Look below for the lines from the one with "AOP, suomi, metsä, luonto, maisema, kesä, järvi" to the one with "Bubo bengalensis", and copy exactly those lines, both ends included.

====

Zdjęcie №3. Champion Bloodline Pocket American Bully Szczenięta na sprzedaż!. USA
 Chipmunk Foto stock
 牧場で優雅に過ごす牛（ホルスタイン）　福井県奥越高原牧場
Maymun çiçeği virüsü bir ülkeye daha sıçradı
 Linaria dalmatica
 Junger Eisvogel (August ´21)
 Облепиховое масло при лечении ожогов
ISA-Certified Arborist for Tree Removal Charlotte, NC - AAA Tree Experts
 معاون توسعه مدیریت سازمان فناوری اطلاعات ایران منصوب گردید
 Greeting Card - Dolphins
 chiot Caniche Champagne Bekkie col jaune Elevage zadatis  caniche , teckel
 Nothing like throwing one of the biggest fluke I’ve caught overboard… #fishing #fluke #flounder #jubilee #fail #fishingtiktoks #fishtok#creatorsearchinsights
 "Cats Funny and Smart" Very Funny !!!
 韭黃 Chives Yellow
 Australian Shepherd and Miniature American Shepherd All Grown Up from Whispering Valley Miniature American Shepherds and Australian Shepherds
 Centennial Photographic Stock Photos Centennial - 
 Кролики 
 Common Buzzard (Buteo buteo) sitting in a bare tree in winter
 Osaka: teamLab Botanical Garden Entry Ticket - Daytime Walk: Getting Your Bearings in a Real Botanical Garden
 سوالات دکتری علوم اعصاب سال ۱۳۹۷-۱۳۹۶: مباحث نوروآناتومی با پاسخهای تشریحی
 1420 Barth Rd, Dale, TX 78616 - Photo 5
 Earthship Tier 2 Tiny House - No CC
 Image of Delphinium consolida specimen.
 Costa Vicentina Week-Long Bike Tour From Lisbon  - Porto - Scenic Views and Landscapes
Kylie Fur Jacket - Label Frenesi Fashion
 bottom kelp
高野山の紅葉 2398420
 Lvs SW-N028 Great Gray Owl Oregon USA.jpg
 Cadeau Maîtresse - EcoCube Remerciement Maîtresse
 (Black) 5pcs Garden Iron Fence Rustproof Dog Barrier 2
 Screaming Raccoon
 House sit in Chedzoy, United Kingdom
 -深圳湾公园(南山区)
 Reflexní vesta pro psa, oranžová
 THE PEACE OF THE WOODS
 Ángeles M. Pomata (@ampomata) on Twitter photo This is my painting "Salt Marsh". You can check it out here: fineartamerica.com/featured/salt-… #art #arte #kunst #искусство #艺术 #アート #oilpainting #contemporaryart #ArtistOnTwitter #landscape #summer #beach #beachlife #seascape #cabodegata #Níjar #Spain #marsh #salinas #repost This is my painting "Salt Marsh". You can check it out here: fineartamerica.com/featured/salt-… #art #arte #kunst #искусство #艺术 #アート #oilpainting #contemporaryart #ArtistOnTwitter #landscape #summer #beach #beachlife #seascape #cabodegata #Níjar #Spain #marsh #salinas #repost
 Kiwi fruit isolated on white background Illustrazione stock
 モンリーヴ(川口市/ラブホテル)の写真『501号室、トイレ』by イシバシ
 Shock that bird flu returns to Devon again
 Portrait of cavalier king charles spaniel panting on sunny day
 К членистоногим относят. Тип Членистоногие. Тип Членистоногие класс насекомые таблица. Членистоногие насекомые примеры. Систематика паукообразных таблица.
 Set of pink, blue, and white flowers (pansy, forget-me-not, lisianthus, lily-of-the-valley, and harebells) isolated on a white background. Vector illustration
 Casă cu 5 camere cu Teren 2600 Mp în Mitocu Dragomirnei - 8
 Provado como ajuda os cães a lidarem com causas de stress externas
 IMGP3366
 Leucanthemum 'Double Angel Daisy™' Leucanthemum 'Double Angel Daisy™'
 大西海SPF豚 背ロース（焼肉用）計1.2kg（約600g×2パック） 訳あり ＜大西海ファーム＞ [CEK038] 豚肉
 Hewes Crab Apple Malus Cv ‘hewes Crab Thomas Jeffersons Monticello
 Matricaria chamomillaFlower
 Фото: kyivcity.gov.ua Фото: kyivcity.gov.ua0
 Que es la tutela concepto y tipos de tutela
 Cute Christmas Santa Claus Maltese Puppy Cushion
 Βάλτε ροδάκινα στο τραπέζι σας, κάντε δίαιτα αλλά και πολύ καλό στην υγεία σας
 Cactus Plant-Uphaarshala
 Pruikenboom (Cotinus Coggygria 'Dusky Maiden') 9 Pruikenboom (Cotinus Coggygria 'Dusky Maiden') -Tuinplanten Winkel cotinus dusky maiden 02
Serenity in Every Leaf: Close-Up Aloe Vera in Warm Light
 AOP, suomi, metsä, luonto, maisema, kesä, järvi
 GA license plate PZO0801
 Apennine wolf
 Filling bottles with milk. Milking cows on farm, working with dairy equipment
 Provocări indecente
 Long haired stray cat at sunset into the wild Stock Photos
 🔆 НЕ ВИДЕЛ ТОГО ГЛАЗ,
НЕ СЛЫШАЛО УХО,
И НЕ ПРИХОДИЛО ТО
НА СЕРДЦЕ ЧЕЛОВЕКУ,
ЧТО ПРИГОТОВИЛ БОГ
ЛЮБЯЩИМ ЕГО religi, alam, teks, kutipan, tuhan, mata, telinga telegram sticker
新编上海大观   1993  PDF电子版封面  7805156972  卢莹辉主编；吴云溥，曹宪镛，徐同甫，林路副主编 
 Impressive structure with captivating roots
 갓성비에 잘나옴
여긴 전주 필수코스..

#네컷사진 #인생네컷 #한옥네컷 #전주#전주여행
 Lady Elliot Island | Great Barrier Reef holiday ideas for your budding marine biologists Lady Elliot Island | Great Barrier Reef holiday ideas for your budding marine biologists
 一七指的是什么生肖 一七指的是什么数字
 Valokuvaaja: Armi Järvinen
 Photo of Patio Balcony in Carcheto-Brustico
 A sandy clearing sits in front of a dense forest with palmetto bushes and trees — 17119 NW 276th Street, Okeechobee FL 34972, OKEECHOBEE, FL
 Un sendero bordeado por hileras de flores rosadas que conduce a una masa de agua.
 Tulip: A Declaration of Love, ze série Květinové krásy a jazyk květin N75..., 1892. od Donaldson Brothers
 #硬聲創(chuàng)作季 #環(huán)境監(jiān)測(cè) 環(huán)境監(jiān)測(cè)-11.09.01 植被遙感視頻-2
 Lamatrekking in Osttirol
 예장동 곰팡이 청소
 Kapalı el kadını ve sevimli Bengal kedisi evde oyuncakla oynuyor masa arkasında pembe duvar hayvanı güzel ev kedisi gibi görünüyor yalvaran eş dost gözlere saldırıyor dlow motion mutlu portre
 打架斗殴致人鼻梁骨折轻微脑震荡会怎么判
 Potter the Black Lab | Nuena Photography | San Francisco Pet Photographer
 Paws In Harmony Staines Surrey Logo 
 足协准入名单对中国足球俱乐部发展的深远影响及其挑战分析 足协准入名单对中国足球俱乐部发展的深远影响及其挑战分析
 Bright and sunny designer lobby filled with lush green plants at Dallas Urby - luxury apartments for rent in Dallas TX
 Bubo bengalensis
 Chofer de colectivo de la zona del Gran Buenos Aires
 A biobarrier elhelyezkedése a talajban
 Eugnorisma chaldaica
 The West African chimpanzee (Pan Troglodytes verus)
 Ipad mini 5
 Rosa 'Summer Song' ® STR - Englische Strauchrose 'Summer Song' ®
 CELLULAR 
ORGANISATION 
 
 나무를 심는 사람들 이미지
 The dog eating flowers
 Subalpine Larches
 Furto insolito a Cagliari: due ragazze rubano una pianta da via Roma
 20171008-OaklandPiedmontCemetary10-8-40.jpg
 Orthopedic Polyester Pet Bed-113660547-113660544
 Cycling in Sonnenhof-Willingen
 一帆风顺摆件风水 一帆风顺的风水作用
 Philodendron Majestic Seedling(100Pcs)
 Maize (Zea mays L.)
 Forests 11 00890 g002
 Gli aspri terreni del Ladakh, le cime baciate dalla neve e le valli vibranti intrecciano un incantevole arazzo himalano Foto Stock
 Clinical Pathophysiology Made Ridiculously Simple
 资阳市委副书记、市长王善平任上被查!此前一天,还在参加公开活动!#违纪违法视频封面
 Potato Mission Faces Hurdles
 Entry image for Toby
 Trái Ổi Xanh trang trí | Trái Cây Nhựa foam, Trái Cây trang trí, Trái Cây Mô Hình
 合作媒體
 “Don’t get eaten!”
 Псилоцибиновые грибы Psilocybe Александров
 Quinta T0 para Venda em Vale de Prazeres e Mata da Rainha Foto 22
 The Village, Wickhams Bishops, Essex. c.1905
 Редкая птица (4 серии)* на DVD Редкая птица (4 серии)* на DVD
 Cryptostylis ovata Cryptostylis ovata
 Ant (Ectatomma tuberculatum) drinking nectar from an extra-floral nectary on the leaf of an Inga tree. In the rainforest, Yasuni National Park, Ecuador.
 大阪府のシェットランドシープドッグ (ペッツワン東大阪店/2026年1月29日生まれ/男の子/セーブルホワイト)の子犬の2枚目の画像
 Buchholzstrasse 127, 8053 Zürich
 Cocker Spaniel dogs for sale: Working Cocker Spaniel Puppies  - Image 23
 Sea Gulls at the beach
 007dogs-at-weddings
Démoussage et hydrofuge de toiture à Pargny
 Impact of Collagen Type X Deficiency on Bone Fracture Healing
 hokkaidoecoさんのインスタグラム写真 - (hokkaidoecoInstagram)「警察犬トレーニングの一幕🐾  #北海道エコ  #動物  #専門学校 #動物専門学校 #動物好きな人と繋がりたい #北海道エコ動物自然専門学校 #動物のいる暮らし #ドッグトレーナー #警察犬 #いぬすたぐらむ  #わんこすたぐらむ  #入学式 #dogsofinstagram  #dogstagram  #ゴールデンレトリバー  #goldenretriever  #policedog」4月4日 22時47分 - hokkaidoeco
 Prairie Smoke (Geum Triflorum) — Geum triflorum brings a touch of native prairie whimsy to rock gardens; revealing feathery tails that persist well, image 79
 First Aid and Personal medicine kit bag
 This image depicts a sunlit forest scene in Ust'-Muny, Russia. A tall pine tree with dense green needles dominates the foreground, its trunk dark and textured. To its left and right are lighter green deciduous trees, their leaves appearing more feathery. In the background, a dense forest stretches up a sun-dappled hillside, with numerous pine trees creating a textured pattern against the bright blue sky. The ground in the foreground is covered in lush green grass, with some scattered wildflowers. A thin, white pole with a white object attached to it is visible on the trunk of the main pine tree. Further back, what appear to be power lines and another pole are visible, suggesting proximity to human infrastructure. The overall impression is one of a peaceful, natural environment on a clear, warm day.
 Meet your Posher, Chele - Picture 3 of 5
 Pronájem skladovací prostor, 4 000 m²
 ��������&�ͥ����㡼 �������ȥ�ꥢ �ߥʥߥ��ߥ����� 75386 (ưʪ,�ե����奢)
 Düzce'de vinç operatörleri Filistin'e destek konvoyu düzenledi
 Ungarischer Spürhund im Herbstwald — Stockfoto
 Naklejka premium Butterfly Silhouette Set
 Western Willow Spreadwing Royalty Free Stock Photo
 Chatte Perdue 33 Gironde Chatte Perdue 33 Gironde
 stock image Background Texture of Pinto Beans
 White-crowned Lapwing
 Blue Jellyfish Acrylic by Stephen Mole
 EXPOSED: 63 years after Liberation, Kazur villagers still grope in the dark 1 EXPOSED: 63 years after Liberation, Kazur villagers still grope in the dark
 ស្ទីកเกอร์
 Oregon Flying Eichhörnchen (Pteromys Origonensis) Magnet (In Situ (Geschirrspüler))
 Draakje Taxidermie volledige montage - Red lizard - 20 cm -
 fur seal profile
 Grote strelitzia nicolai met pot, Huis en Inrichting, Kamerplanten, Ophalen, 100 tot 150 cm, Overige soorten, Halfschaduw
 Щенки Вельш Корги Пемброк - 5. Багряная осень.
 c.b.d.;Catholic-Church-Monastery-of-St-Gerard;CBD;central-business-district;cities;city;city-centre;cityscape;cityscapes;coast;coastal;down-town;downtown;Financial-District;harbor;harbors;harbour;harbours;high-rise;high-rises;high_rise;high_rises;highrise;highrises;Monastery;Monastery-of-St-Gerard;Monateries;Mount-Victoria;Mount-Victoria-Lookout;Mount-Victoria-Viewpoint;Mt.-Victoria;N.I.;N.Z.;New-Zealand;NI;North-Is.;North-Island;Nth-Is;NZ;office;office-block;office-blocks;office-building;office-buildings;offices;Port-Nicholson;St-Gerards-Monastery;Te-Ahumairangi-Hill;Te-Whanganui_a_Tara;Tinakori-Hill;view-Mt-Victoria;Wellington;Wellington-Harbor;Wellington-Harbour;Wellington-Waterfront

====

SOLUTION TO THIS EXERCISE:
 AOP, suomi, metsä, luonto, maisema, kesä, järvi
 GA license plate PZO0801
 Apennine wolf
 Filling bottles with milk. Milking cows on farm, working with dairy equipment
 Provocări indecente
 Long haired stray cat at sunset into the wild Stock Photos
 🔆 НЕ ВИДЕЛ ТОГО ГЛАЗ,
НЕ СЛЫШАЛО УХО,
И НЕ ПРИХОДИЛО ТО
НА СЕРДЦЕ ЧЕЛОВЕКУ,
ЧТО ПРИГОТОВИЛ БОГ
ЛЮБЯЩИМ ЕГО religi, alam, teks, kutipan, tuhan, mata, telinga telegram sticker
新编上海大观   1993  PDF电子版封面  7805156972  卢莹辉主编；吴云溥，曹宪镛，徐同甫，林路副主编 
 Impressive structure with captivating roots
 갓성비에 잘나옴
여긴 전주 필수코스..

#네컷사진 #인생네컷 #한옥네컷 #전주#전주여행
 Lady Elliot Island | Great Barrier Reef holiday ideas for your budding marine biologists Lady Elliot Island | Great Barrier Reef holiday ideas for your budding marine biologists
 一七指的是什么生肖 一七指的是什么数字
 Valokuvaaja: Armi Järvinen
 Photo of Patio Balcony in Carcheto-Brustico
 A sandy clearing sits in front of a dense forest with palmetto bushes and trees — 17119 NW 276th Street, Okeechobee FL 34972, OKEECHOBEE, FL
 Un sendero bordeado por hileras de flores rosadas que conduce a una masa de agua.
 Tulip: A Declaration of Love, ze série Květinové krásy a jazyk květin N75..., 1892. od Donaldson Brothers
 #硬聲創(chuàng)作季 #環(huán)境監(jiān)測(cè) 環(huán)境監(jiān)測(cè)-11.09.01 植被遙感視頻-2
 Lamatrekking in Osttirol
 예장동 곰팡이 청소
 Kapalı el kadını ve sevimli Bengal kedisi evde oyuncakla oynuyor masa arkasında pembe duvar hayvanı güzel ev kedisi gibi görünüyor yalvaran eş dost gözlere saldırıyor dlow motion mutlu portre
 打架斗殴致人鼻梁骨折轻微脑震荡会怎么判
 Potter the Black Lab | Nuena Photography | San Francisco Pet Photographer
 Paws In Harmony Staines Surrey Logo 
 足协准入名单对中国足球俱乐部发展的深远影响及其挑战分析 足协准入名单对中国足球俱乐部发展的深远影响及其挑战分析
 Bright and sunny designer lobby filled with lush green plants at Dallas Urby - luxury apartments for rent in Dallas TX
 Bubo bengalensis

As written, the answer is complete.